I have a Python 3.8.5 script that gets a JSON from an API, saves to disk, reads JSON to DF. It works.
df = pd.io.json.read_json('json_file', orient='records')
I want to try IO buffer instead so I don't have to read/write to disk, but I am getting an error. The code is like this:
from io import StringIO
io = StringIO()
json_out = []
# some code to append API results to json_out
json.dump(json_out, io)
df = pd.io.json.read_json(io.getvalue())
On that last line I get the error
File "C:\Users\chap\Anaconda3\lib\site-packages\pandas\util\_decorators.py", line 199, in wrapper
return func(*args, **kwargs)
File "C:\Users\chap\Anaconda3\lib\site-packages\pandas\util\_decorators.py", line 296, in wrapper
return func(*args, **kwargs)
File "C:\Users\chap\Anaconda3\lib\site-packages\pandas\io\json\_json.py", line 618, in read_json
result = json_reader.read()
File "C:\Users\chap\Anaconda3\lib\site-packages\pandas\io\json\_json.py", line 755, in read
obj = self._get_object_parser(self.data)
File "C:\Users\chap\Anaconda3\lib\site-packages\pandas\io\json\_json.py", line 777, in _get_object_parser
obj = FrameParser(json, **kwargs).parse()
File "C:\Users\chap\Anaconda3\lib\site-packages\pandas\io\json\_json.py", line 886, in parse
self._parse_no_numpy()
File "C:\Users\chap\Anaconda3\lib\site-packages\pandas\io\json\_json.py", line 1119, in _parse_no_numpy
loads(json, precise_float=self.precise_float), dtype=None
ValueError: Trailing data
The JSON is in a list format. So this is not the actual json but it looks like this when I write to disk:
json = [
{"state": "North Dakota",
"address": "123 30th st E #206",
"account": "123"
},
{"state": "North Dakota",
"address": "456 30th st E #206",
"account": "456"
}
]
Given that it worked in the first case (write/read from disk), I don't know how to troubleshoot. How do I troubleshoot something in the buffer? The actual data is mostly text but has some number fields.

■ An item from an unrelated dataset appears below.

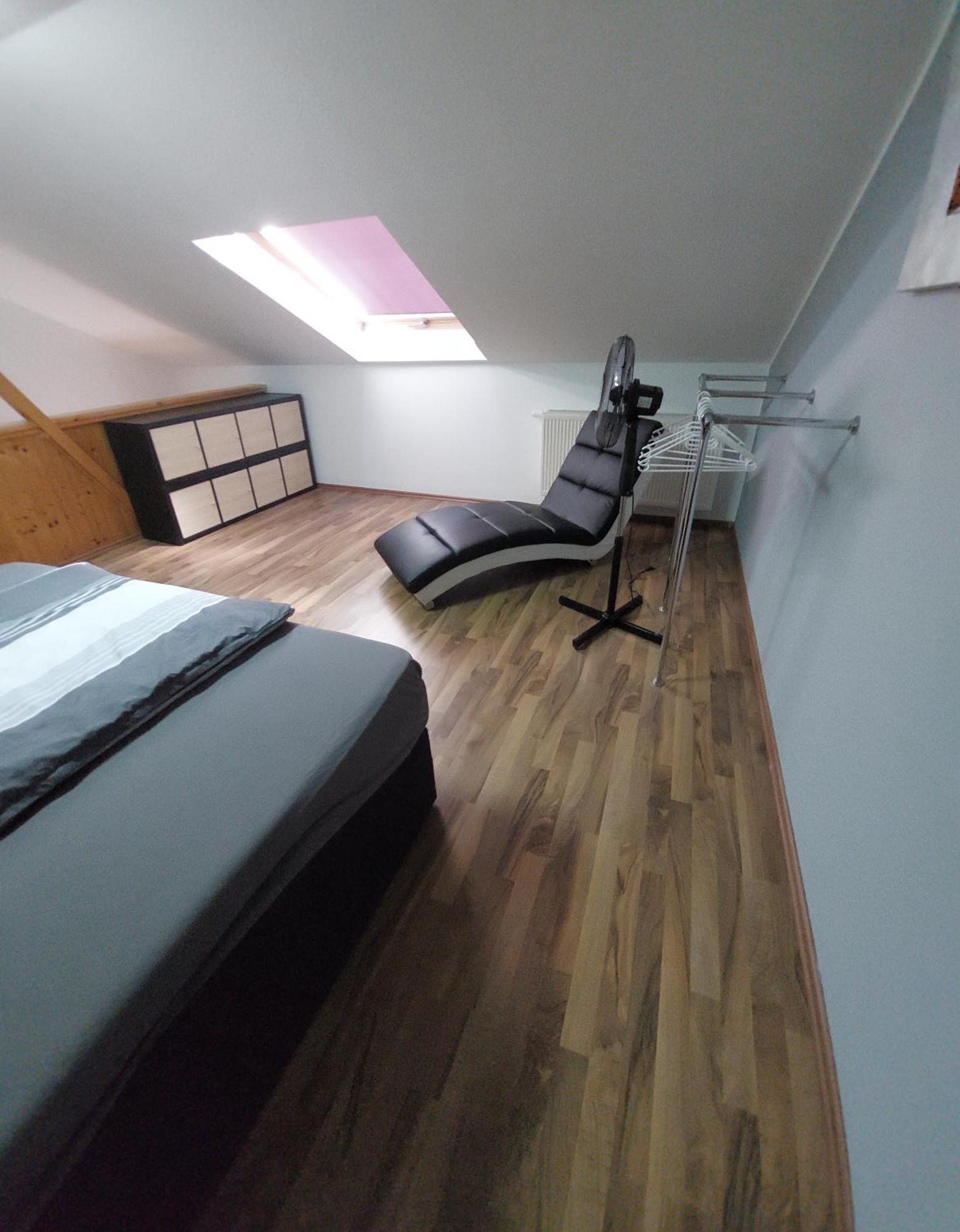Ganze Ferienwohnung 5 Km Von Erfurt, Mit Kaffeevollautomat, Tv, Wlan, Boxspringbett, Schlafsofa Und Einkaufsmoeglichkeiten, Sehr Gute Anbindung Zur A71 Und A4, Kostenloser Oeff Parkplatz Fuer Pkw Und Transporter Elxleben Exteriör bild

CodePudding user response:
Don't know what's going wrong for you, this works for me:
import json
import pandas as pd
from io import StringIO
json_out = [
{"state": "North Dakota",
"address": "123 30th st E #206",
"account": "123"
},
{"state": "North Dakota",
"address": "456 30th st E #206",
"account": "456"
}
]
io = StringIO()
json.dump(json_out, io)
df = pd.io.json.read_json(io.getvalue())
print(df)
leads me to believe there's something wrong with the code that appends the API data...
However, if you have a list of dictionaries, you don't need the IO step. You can just do:
pd.DataFrame(json_out)
EDIT: I think I remember this error when there was a comma at the end of my json like so:
[
{
"hello":"world",
},
]